“Listen, I need to borrow some money until next week, just for some necessities.”
And there it is. I roll my eyes, frustrated but not surprised because I can’t remember the last time my mom called me and didn’t ask me for something.
“What happened to the money that I just gave you a few weeks ago?”
“I told you my car was in the shop and I needed some help with the repairs.”
She had said that. And the time before that it was groceries and the time before that it was because the washing machine was broken. It’s always something.
I make it to my train station and walk down the stairs. I pull my card from my coat pocket and tap it on the scanner to unlock the turnstiles.
“How much do you need?” I ask flatly.
“Just a hundred dollars. Money is a little tight right now and I -”
I don’t bother to listen to the rest of her sentences. Instead I pull the phone away from my face and open my online banking app. I type in the amount that she asked for and press the button to send the money to her.

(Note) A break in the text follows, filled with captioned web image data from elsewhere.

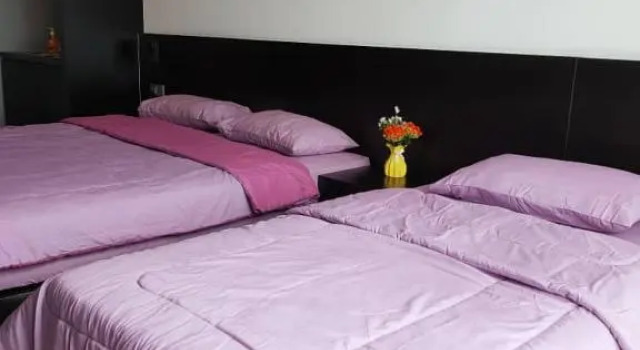 Aeropod Studio Room For 3 Pax Near Airport/Kk City/Tg Aru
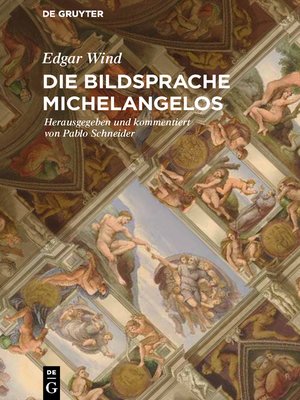 cover image of Die Bildsprache Michelangelos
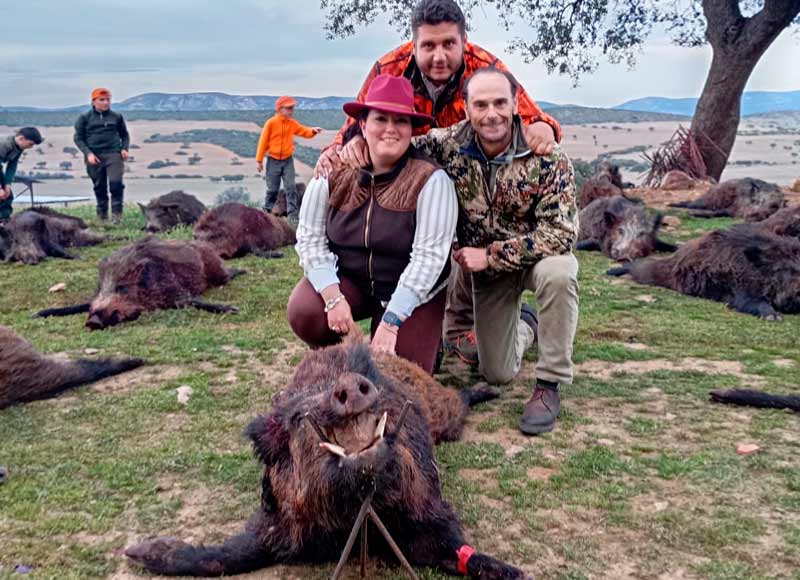 Chaqueta Caza Blaser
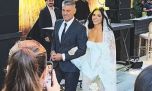 Paloma Goycochea, la hija de Sergio, se casó con Felipe Seisdedos: el increíble look de la novia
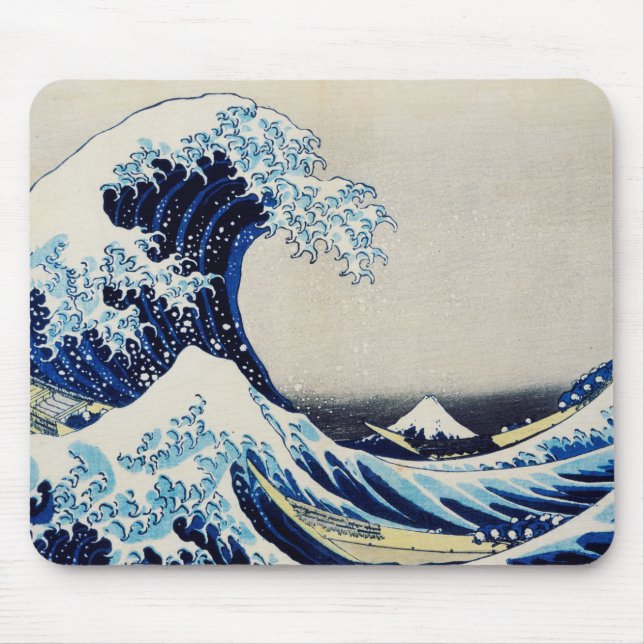 Japanese Ukiyoe Art vol.4 Mouse Pad (Front)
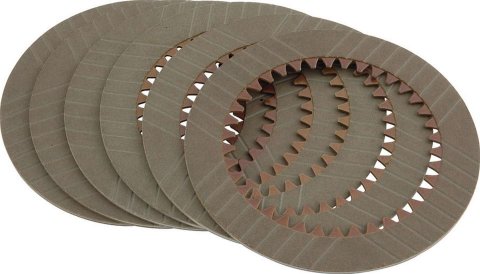 Allstar Performance Bert Clutch Discs ALL26950 Automatic Transmission Packs, fits Transmission, Set of 6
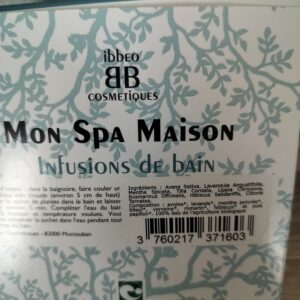 Infusion de bain plantes bio BIEN ÊTRE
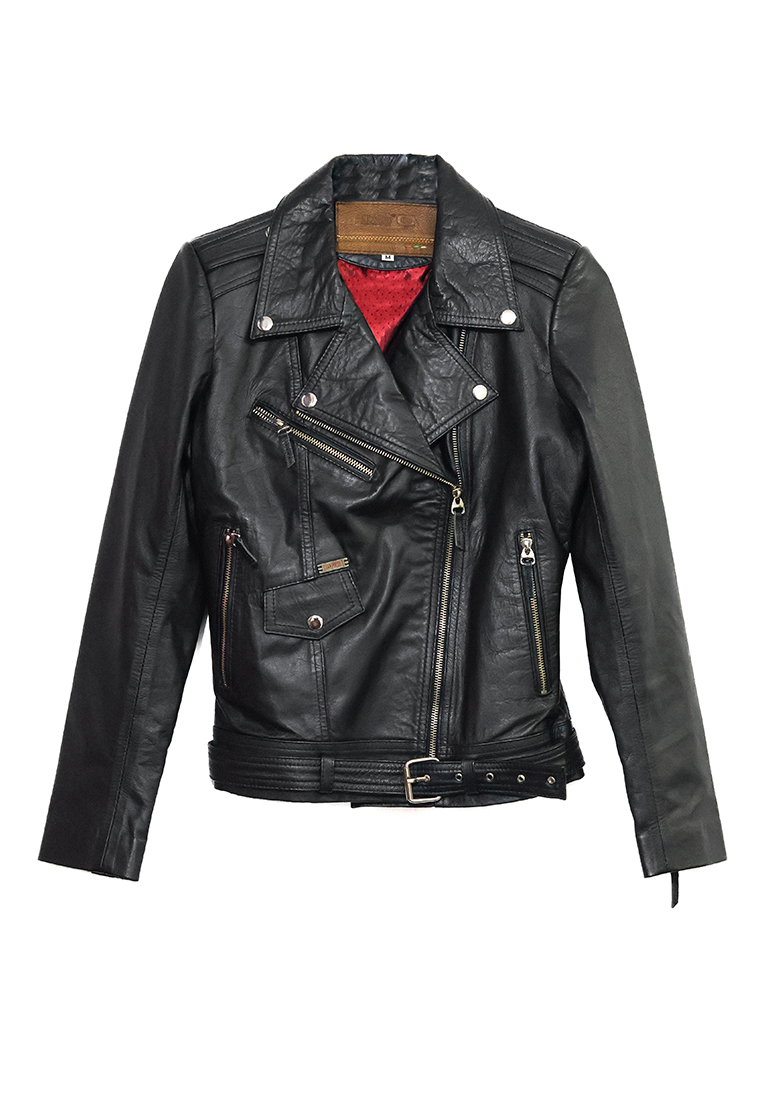 CHAMARRA SAN POLOS CUERO MUJER – D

“I sent it but I gotta go, my train is here.”
It wasn’t, but now that she said the real reason she called me, there was nothing else I needed to say to my mom.
“Okay thank you, I love you,” she replies sweetly.
I end the call, close my eyes and take a few deep breaths. The automated voice on the intercom alerts of a train approaching.I take three more deep breaths and open my eyes to my train slowly riding into the station until it finally stops and the doors open. I step onto the train and opt to stand instead of sitting between people. The train is decently full but since I worked later than I meant to, I missed the evening rush. The automated voice comes over the intercom again to alert that the doors are closing. A few seconds later, the doors close and the train pulls away from the station with a jolt.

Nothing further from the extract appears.